From 6 April 2018, the dividend allowance, on which dividends are tax free is being reduced to £2,000. For dividends above this, basic rate taxpayers will have a 7.5% tax liability, higher rate 32.5% and additional higher rate taxpayers 38.1%. Taxpayers with income above £100,000, will lose £1 of their personal allowance for every £2 of income above £100,000 so the effective rate on dividends shoots up between £100,000 and £123,000 for 2017/18.
In many cases, it will be more tax efficient to take dividends before 5 April 2018. Please call us before 5 April 2018 to discuss your situation.

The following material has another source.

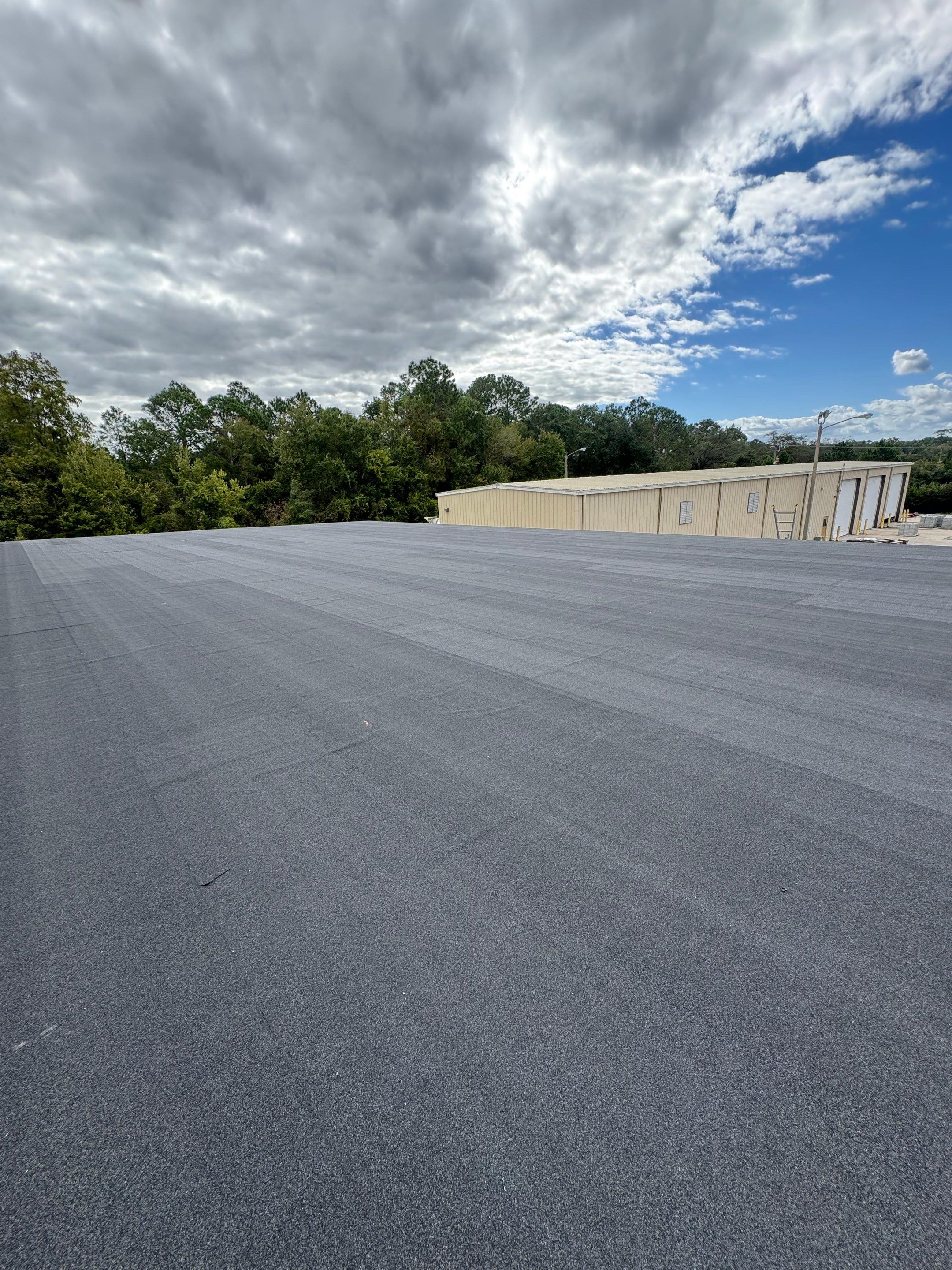 Flat Reroof Replacement Bunnell FL by Pinnacle Roofing Group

Reviewing your pension contributions should form part of your end of year planning, whether it’s to make use of your annual allowances and those unused from earlier years (2014-15 onwards) or to preserve your personal allowance when your income is over £100,000. The maximum that can be held as a Lifetime Allowance (LA) is currently £1,000,000. This will be increasing to £1,030,000 for the year ended 2018/19. The annual allowance (AA) remains at £40,000 for those with income below £150,000.
CAPITAL GAINS TAX
All UK tax residents are entitled to an annual CGT exempt amount which for 2017/18 is £11,300. This is especially useful for those with readily realisable assets such as shares. Please note that if you buy back the shares within 30 days, anti-avoidance rules will kick in. However, these will not apply if another person such as a spouse acquires the shares. Inter-spouse transfers or gifts of assets remain free of CGT. Married couples therefore can look to maximise their combined allowances of £22,600.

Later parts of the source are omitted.